Walmart on Thursday confirmed it will be laying off workers at e-commerce fulfillment centers in “select markets” as it adapts to changing consumer behaviors.
The job cuts were first reported by Reuters, which said hundreds of workers at five Walmart fulfillment centers were being asked to find new jobs within the next 90 days.
The layoffs will affect about 200 Walmart employees at Pedricktown, New Jersey, Reuters reported, along with “hundreds of others” at fulfillment centers in Fort Worth, Texas; Chino, California; Davenport, Florida; and Bethlehem, Pennsylvania.
“Customer expectations are changing, and we are moving quickly to meet and exceed their needs,” a Walmart spokesperson said in a statement to WGB. “As demand grows, we are maximizing our network of stores and fulfillment centers, to deliver items for online customers, when and how they want them.”
Walmart recently adjusted staffing levels at its fulfillment centers, the spokesperson said, to “better prepare for the future needs of customers.”

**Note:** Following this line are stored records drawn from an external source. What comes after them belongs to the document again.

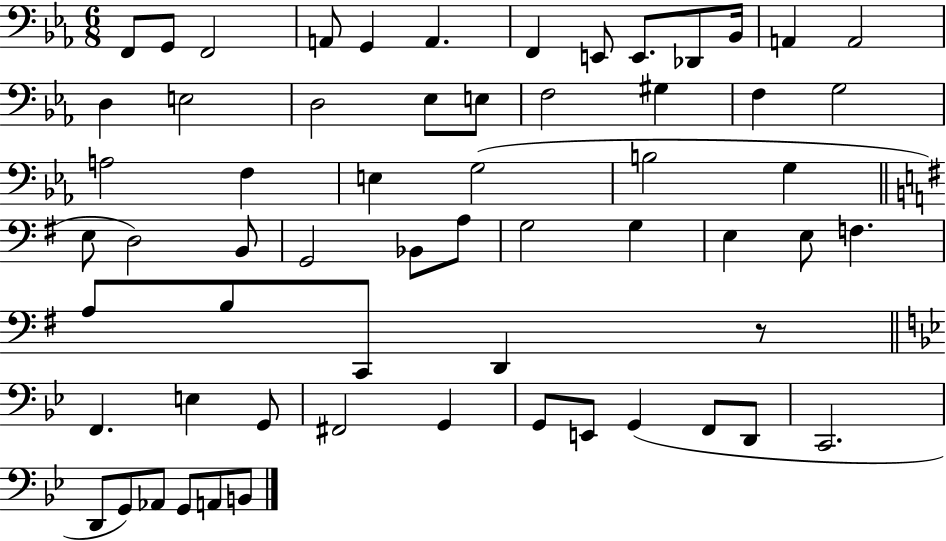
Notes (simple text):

F2/e G2/e F2/h A2/e G2/q A2/q. F2/q E2/e E2/e. Db2/e Bb2/s A2/q A2/h D3/q E3/h D3/h Eb3/e E3/e F3/h G#3/q F3/q G3/h A3/h F3/q E3/q G3/h B3/h G3/q E3/e D3/h B2/e G2/h Bb2/e A3/e G3/h G3/q E3/q E3/e F3/q. A3/e B3/e C2/e D2/q R/e F2/q. E3/q G2/e F#2/h G2/q G2/e E2/e G2/q F2/e D2/e C2/h. D2/e G2/e Ab2/e G2/e A2/e B2/e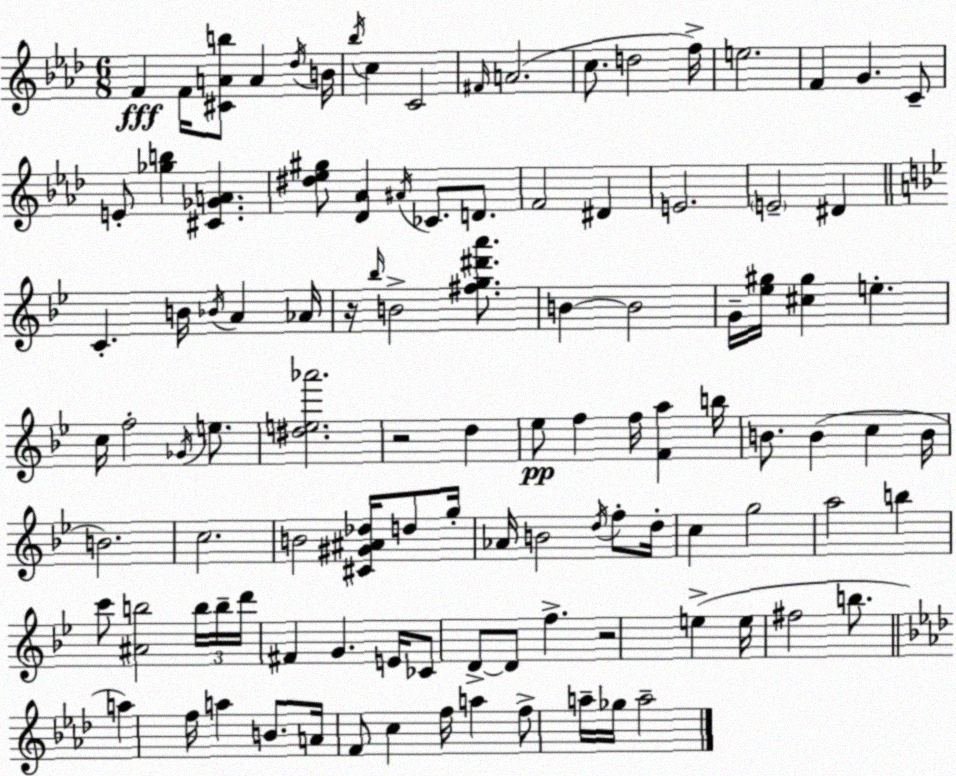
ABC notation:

X:1
T:Untitled
M:6/8
L:1/4
K:Fm
F F/4 [^CAb]/2 A _d/4 B/4 _b/4 c C2 ^F/4 A2 c/2 d2 f/4 e2 F G C/2 E/2 [_gb] [^C_GA] [^d_e^g]/2 [_D_A] ^A/4 _C/2 D/2 F2 ^D E2 E2 ^D C B/4 _B/4 A _A/4 z/4 _b/4 B2 [^fg^d'a']/2 B B2 G/4 [_e^g]/4 [^c^g] e c/4 f2 _G/4 e/2 [^de_a']2 z2 d _e/2 f f/4 [Fa] b/4 B/2 B c B/4 B2 c2 B2 [^C^G^A_d]/4 d/2 g/4 _A/4 B2 d/4 f/2 d/4 c g2 a2 b c'/2 [^Ab]2 b/4 b/4 d'/4 ^F G E/4 _C/2 D/2 D/2 f z2 e e/4 ^f2 b/2 a f/4 a B/2 A/4 F/2 c f/4 a f/2 a/4 _g/4 a2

“This decision was not made lightly, and we’re working closely with affected associates to help them understand what career options may be available at other Walmart locations,” the spokesperson added.
Laid-off workers will be paid for 90 days and could potentially find jobs at other Walmart distribution centers or at Walmart’s stores, Reuters said.

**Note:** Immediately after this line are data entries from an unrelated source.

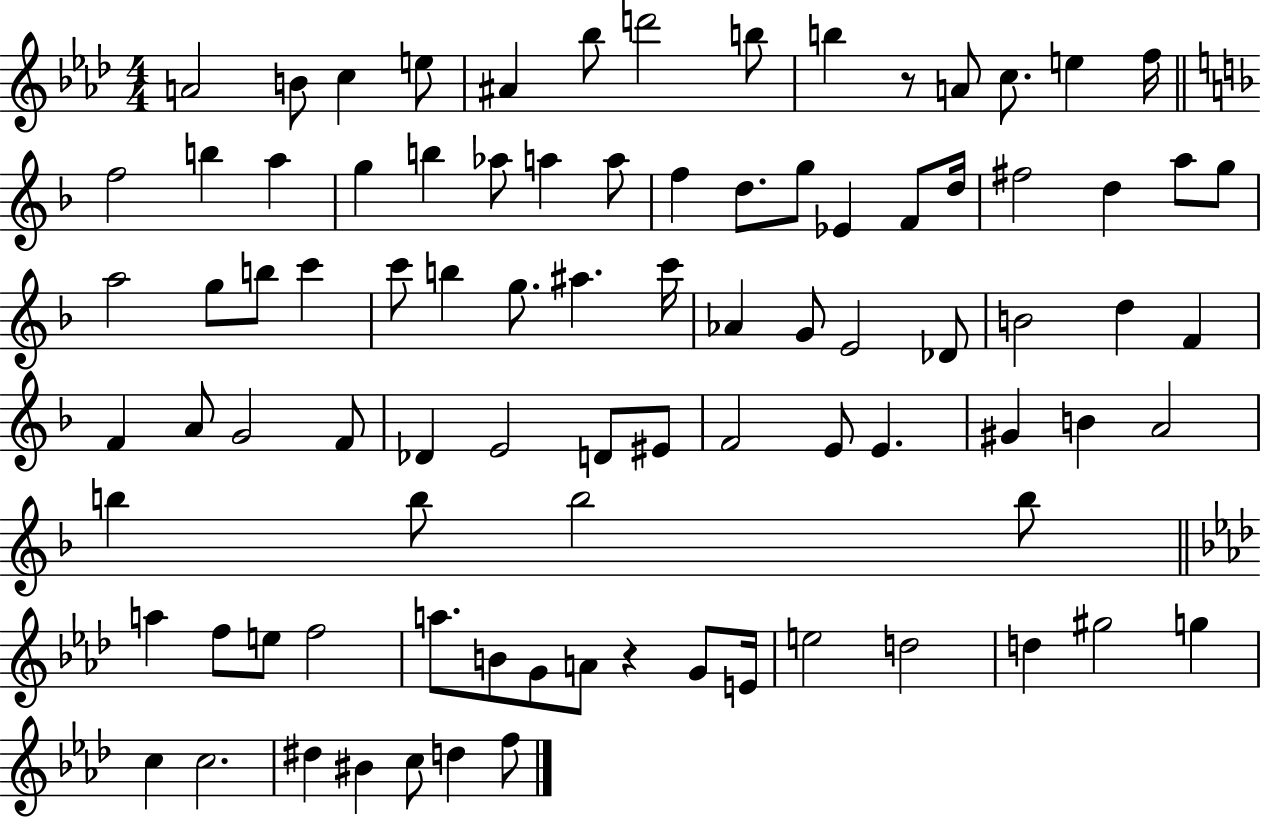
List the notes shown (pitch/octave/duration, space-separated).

A4/h B4/e C5/q E5/e A#4/q Bb5/e D6/h B5/e B5/q R/e A4/e C5/e. E5/q F5/s F5/h B5/q A5/q G5/q B5/q Ab5/e A5/q A5/e F5/q D5/e. G5/e Eb4/q F4/e D5/s F#5/h D5/q A5/e G5/e A5/h G5/e B5/e C6/q C6/e B5/q G5/e. A#5/q. C6/s Ab4/q G4/e E4/h Db4/e B4/h D5/q F4/q F4/q A4/e G4/h F4/e Db4/q E4/h D4/e EIS4/e F4/h E4/e E4/q. G#4/q B4/q A4/h B5/q B5/e B5/h B5/e A5/q F5/e E5/e F5/h A5/e. B4/e G4/e A4/e R/q G4/e E4/s E5/h D5/h D5/q G#5/h G5/q C5/q C5/h. D#5/q BIS4/q C5/e D5/q F5/e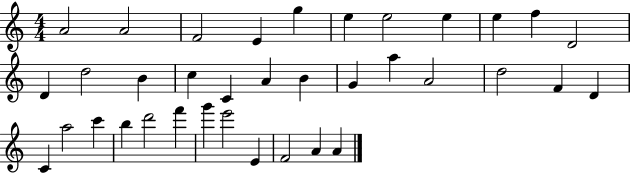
A4/h A4/h F4/h E4/q G5/q E5/q E5/h E5/q E5/q F5/q D4/h D4/q D5/h B4/q C5/q C4/q A4/q B4/q G4/q A5/q A4/h D5/h F4/q D4/q C4/q A5/h C6/q B5/q D6/h F6/q G6/q E6/h E4/q F4/h A4/q A4/q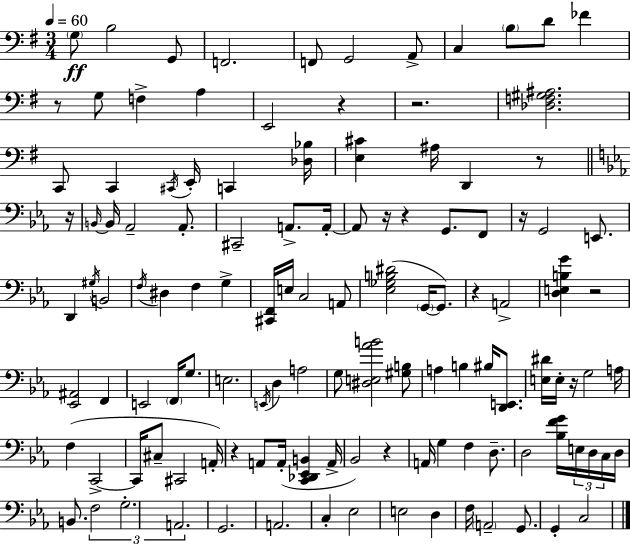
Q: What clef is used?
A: bass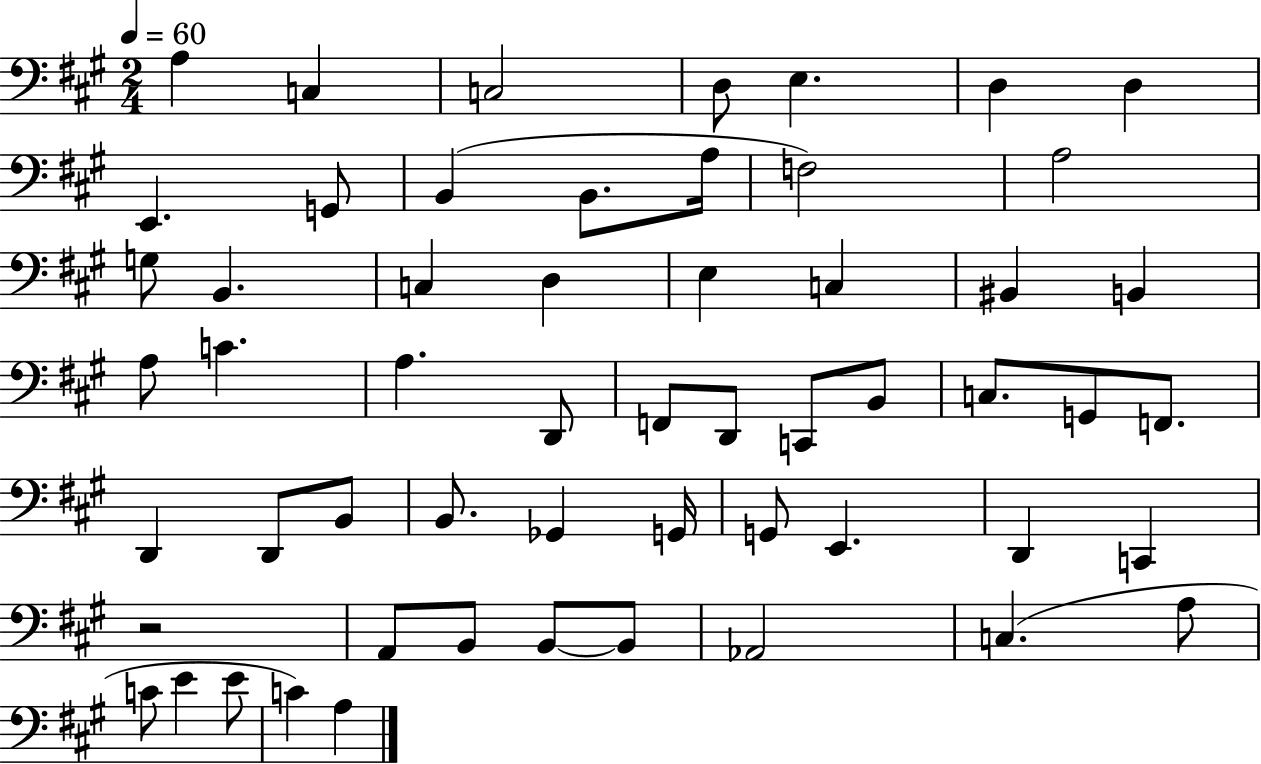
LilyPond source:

{
  \clef bass
  \numericTimeSignature
  \time 2/4
  \key a \major
  \tempo 4 = 60
  a4 c4 | c2 | d8 e4. | d4 d4 | \break e,4. g,8 | b,4( b,8. a16 | f2) | a2 | \break g8 b,4. | c4 d4 | e4 c4 | bis,4 b,4 | \break a8 c'4. | a4. d,8 | f,8 d,8 c,8 b,8 | c8. g,8 f,8. | \break d,4 d,8 b,8 | b,8. ges,4 g,16 | g,8 e,4. | d,4 c,4 | \break r2 | a,8 b,8 b,8~~ b,8 | aes,2 | c4.( a8 | \break c'8 e'4 e'8 | c'4) a4 | \bar "|."
}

In August, Bentonville, Arkansas-based Walmart dismissed hundreds of corporate employees in a major restructuring effort, according to media reports.

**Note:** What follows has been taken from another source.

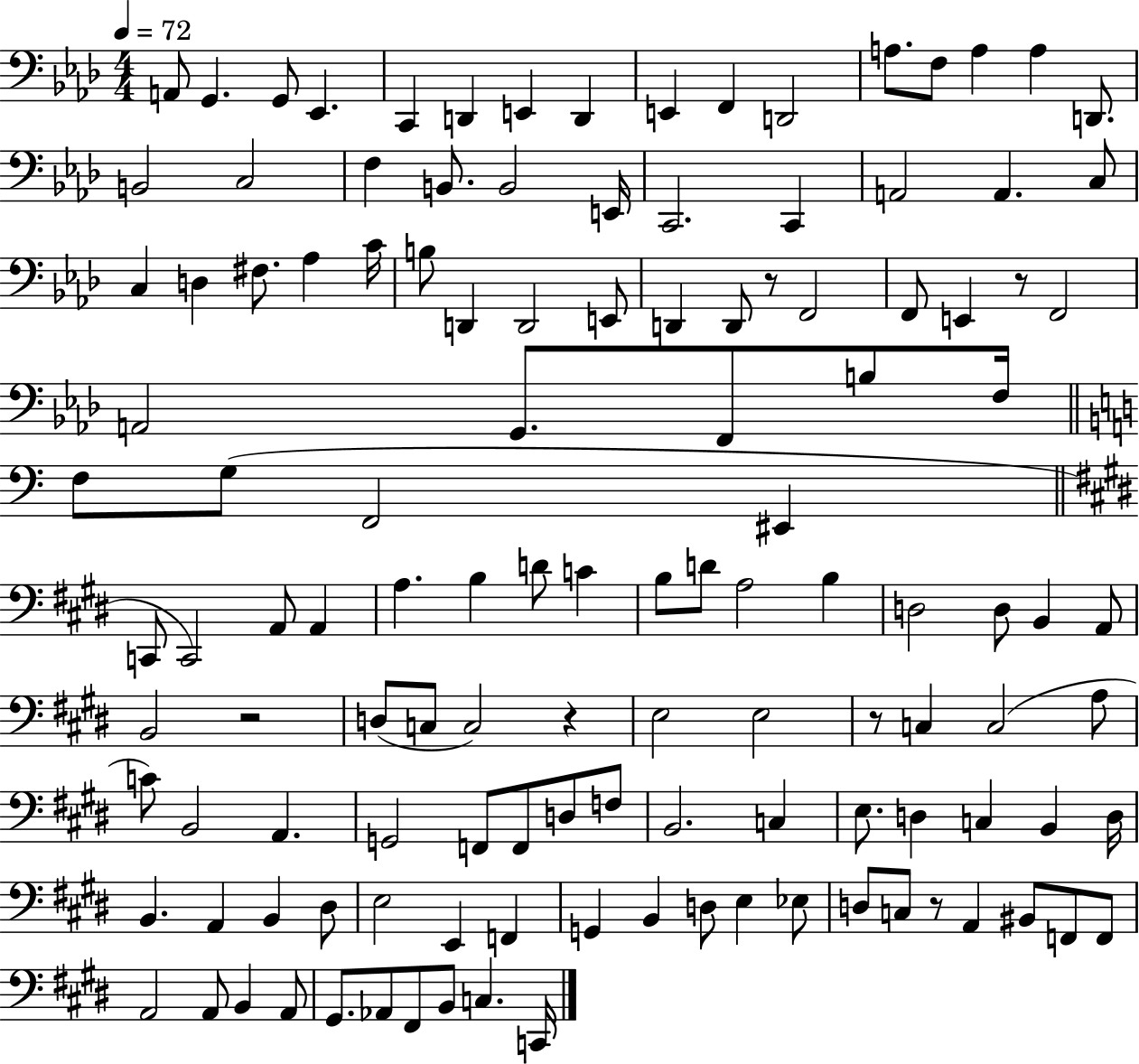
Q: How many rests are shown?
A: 6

In October, Walmart said it would lay off nearly 1,458 workers at an e-commerce fulfillment center in Atlanta.
The tech industry has seen widespread layoffs in recent months, as shopper behaviors shift three years into the pandemic.
Amazon this week said it would cut another 9,000 jobs, on top of the 18,000 layoffs earlier this year. While the earlier layoffs hit Amazon's physical store divisions hard, the newest round will take place mainly in Amazon Web Services (AWS); People, Experience and Technology (PXT); Advertising; and Twitch, CEO Andy Jassy said in a letter to employees.
“This was a difficult decision, but one that we think is best for the company long term,” he said, adding that adding workers made sense in the early days of the pandemic but, now, “given the uncertain economy in which we reside, and the uncertainty that exists in the near future, we have chosen to be more streamlined in our costs and headcount.”